O bicho, alheio à celeuma, não sabe disso. Vai compartilhar sua felicidade também com ela, esfregando-se-lhe nas pernas. Ela tenta chutá-lo, mas o golpe o acerta apenas de esguelha. O gato é mais rápido que ela.
– Não faz isso!
– E tem mais; se você não fizer alguma coisa eu vou brigar contigo. Eu vou embora!
– Mas é o instinto dele…
– Conversa! Esse bicho é mau. Faz alguma coisa.
– Mas… se eu fizer, é como se eu tivesse censurando ele por ser um gato… – eu tento.
– Tô vendo que você não vai fazer nada. Então pode cancelar a noite de hoje. E quer saber?, e a viagem também!
– Por que você tá fazendo isso? – e agora sou eu quem pergunto.
– Não sei. Também não me interessa.
– Você tá me maltratando. Isso me faz sofrer… Cê sabe como essa noite é imporatante pra mim…
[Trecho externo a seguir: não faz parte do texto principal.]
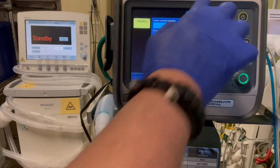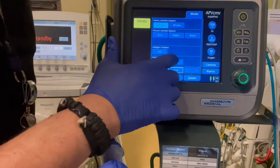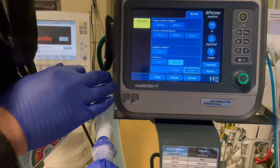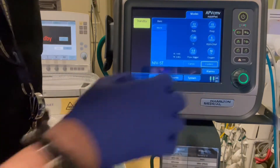Let's go to modes and we're going to look for non-invasive. We're going to go to NIV ST. We're going to hit that and that's going to give us ability to set an IPAP and an EPAP using V60 terminology and give us a backup rate. So we're going to confirm that.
– Vou pra casa. Vou pensar. De repente é até melhor a gente dar um tempo.
– Mas eu te amo!
– Não sei. E nem se eu. Te amo, eu quero dizer. – seus olhos são tão negros como o pelo do gato. Só que brilham mais. E eu não sei dizer por que. O que é aquilo ali que os faz brilhar, que os faz cada vez mais incisivos e seguros enquanto penetram o meu olhar tão desprotegido. Não consigo evitar; logo estou chorando.
– Vou embora…
– Ele só faz isso por instinto… Ouve: é pelo mesmo motivo que eu não posso bater nele…
– Não se trata mais disso. Tchau!
– …e é pelo mesmo motivo que você faz isso comigo…
Mas ela já não ouve. Está longe. Cada vez mais.
– Miaauuu! – O gato não percebe o que aconteceu. Porque levou um chute.
Ficamos os dois ali, olhando a confusão que se tronou o passarinho. O engraçado é que o pardal em pedaços provavelmente entende o porquê de seu novo estado: tinha estado claro nos olhos do felino.
E eu entendo perfeitamente como o pardal se sente.